TASK PROMPT ::
Find the line containing "favourite kids jokes book cover image". Retype it and every later line of the records exactly, leaving out pictures.

DATA RECORDS ::
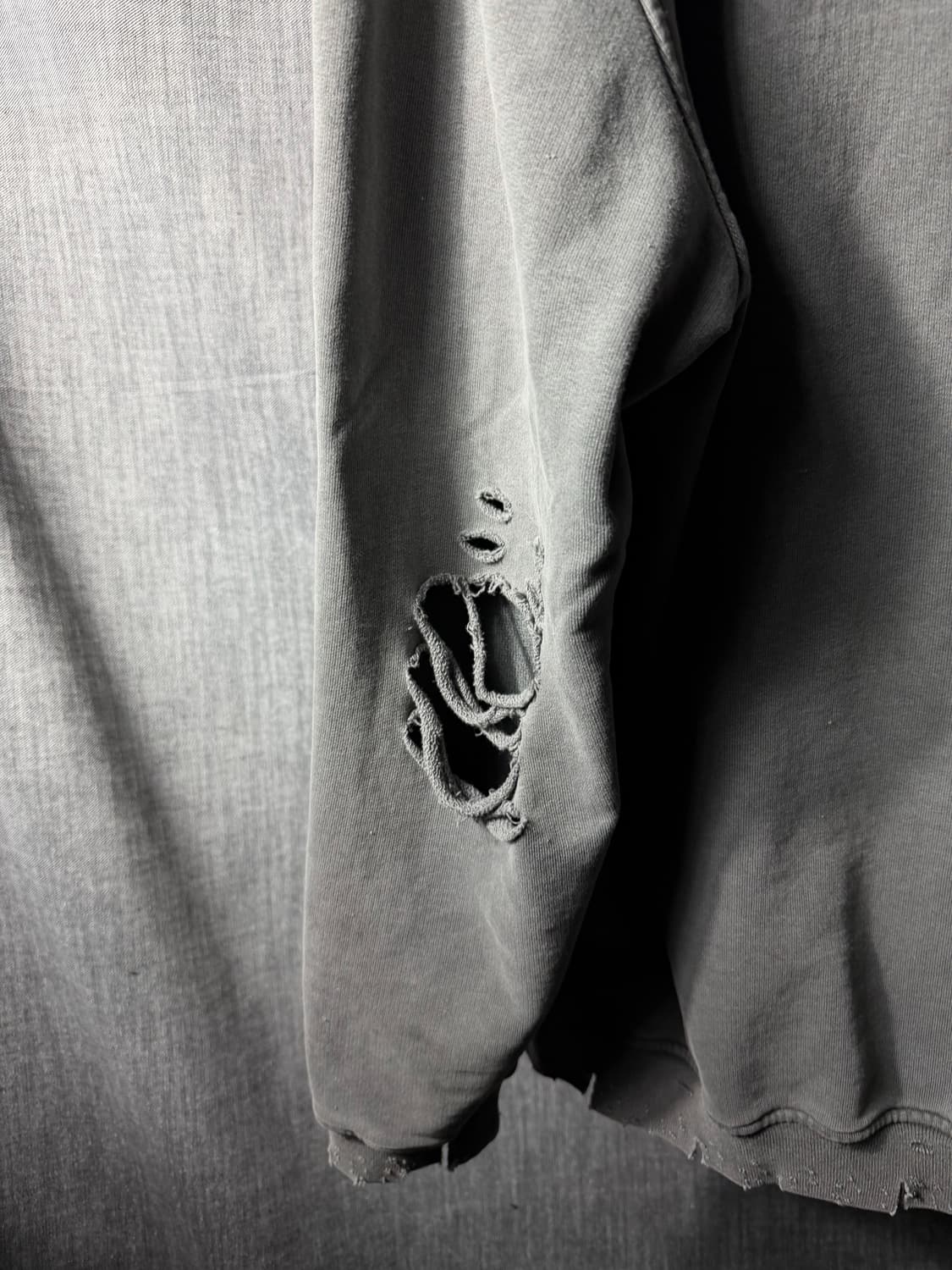 지드래곤 알케미스트 디스트로이드 후드 상품이미지7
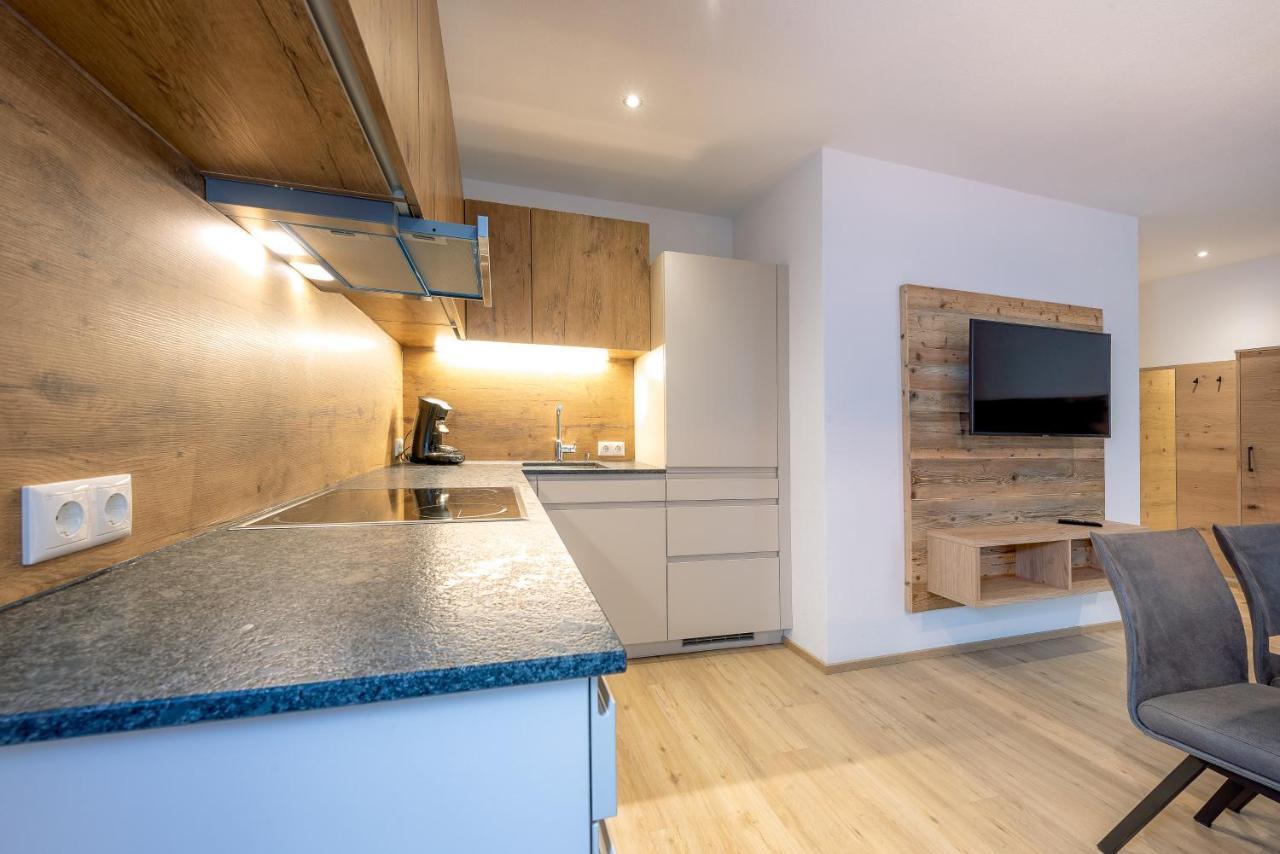 Apartmán Obergrundhof Leogang Exteriér fotografie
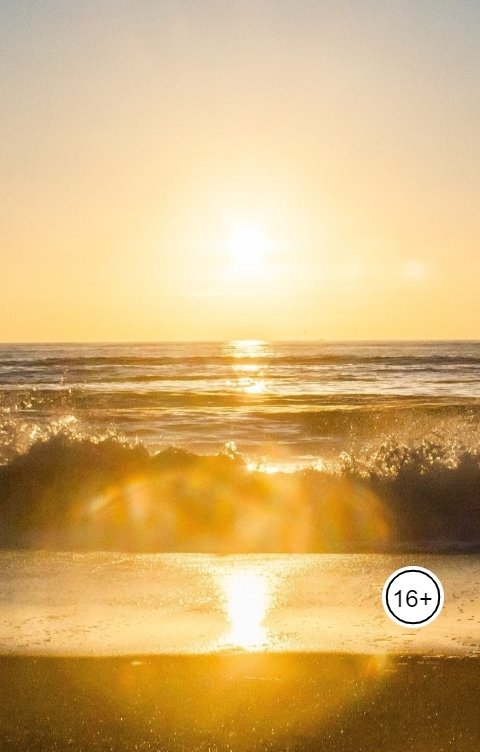 Обложка книги Евгений Марийцев Брызги солнечного Цунами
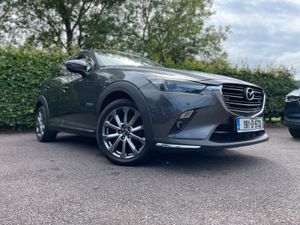 19 CX-3 GT SPEC | LOW KMS | WARRANTY | FINANCE - Image 4
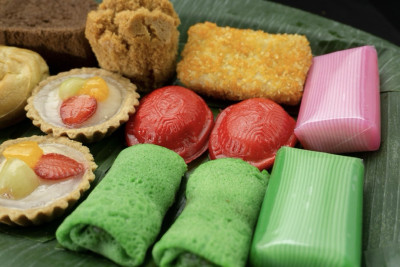 Berawal dari Lima Meja, Ini Asal Usul Pasar Kue Subuh Senen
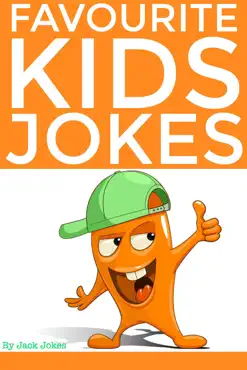 favourite kids jokes book cover image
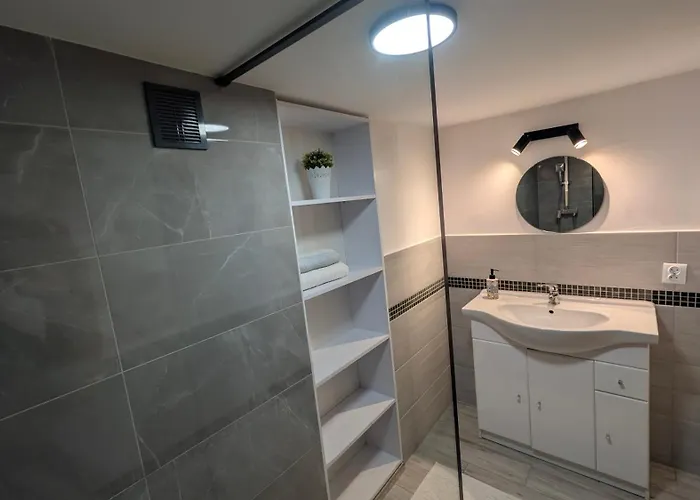 Przy Strumyku - W Gorach Izerskich *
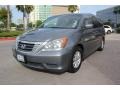 Sterling Gray Metallic - Odyssey EX-L Photo No. 2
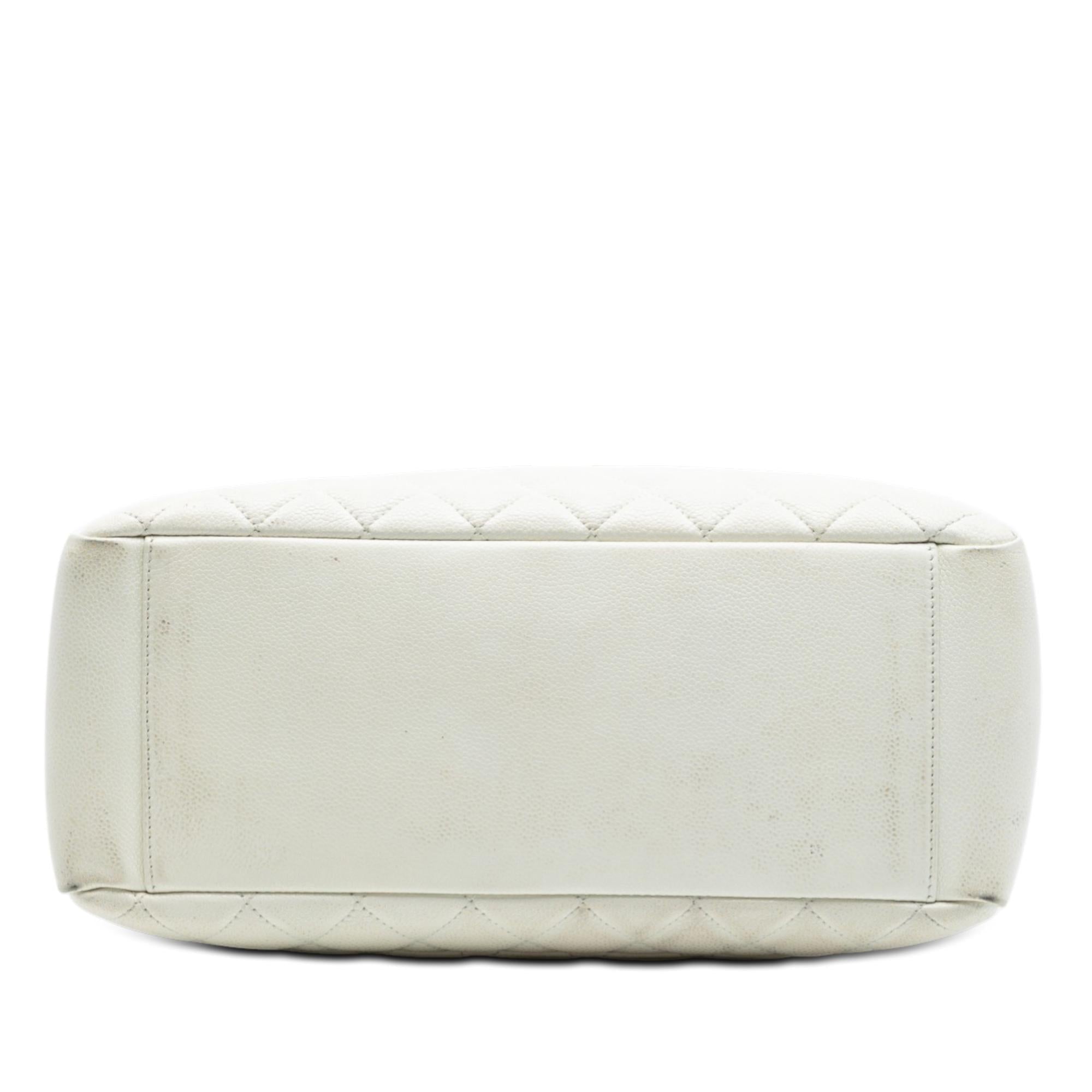 Chanel Caviar Grand Shopping Tote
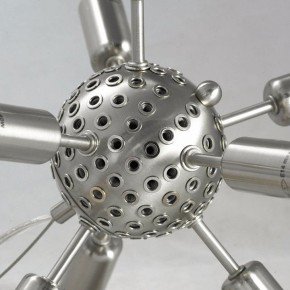 Подвесная люстра Lussole Star GRLSP-8336 в Режи - rezh.mebel24.online | фото 6
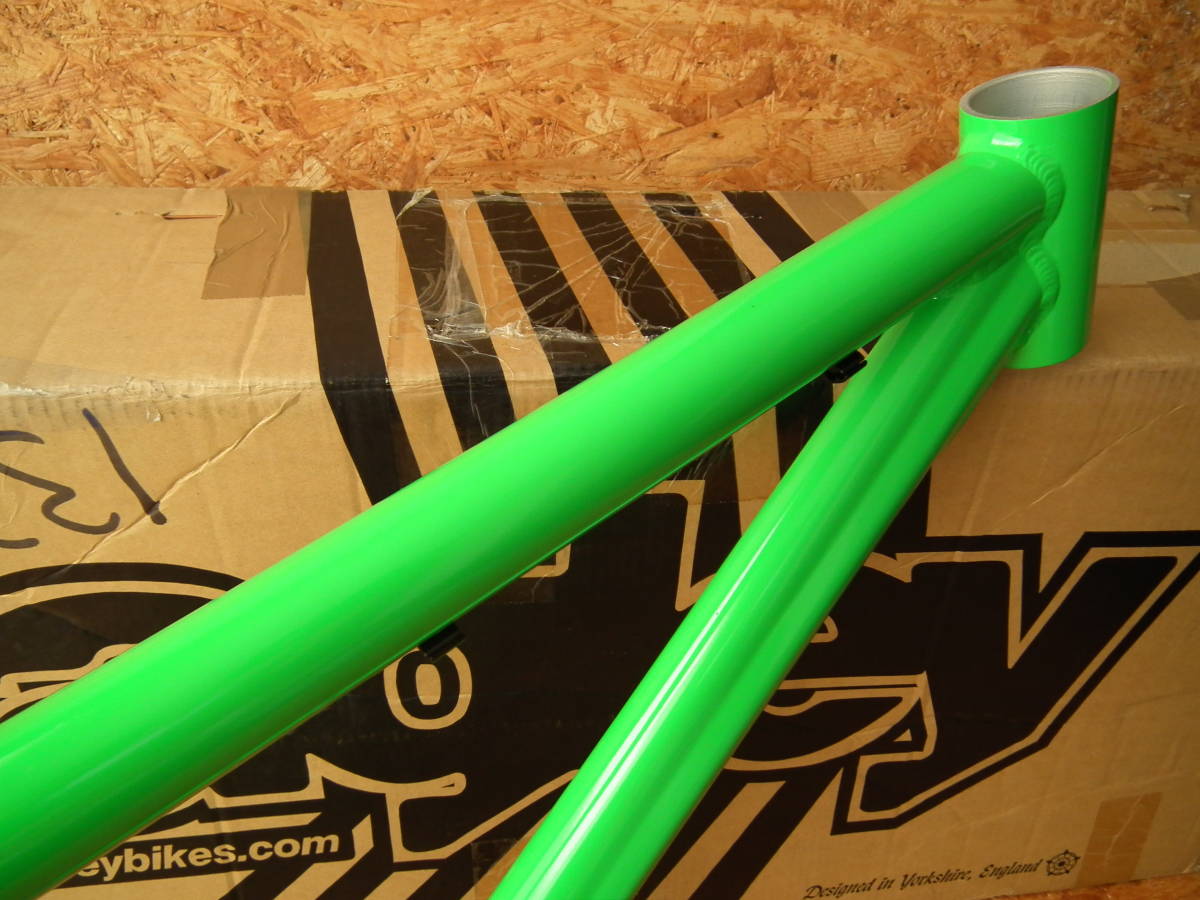 Ragley mmmBop アルミフレーム Quick Lime サイズ16 (ハード Ragley mmmBop アルミフレーム Quick Lime サイズ16 (ハード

RESPONSE FOR THIS EXERCISE ::
 favourite kids jokes book cover image
 Przy Strumyku - W Gorach Izerskich *
 Sterling Gray Metallic - Odyssey EX-L Photo No. 2
 Chanel Caviar Grand Shopping Tote
 Подвесная люстра Lussole Star GRLSP-8336 в Режи - rezh.mebel24.online | фото 6
 Ragley mmmBop アルミフレーム Quick Lime サイズ16 (ハード Ragley mmmBop アルミフレーム Quick Lime サイズ16 (ハード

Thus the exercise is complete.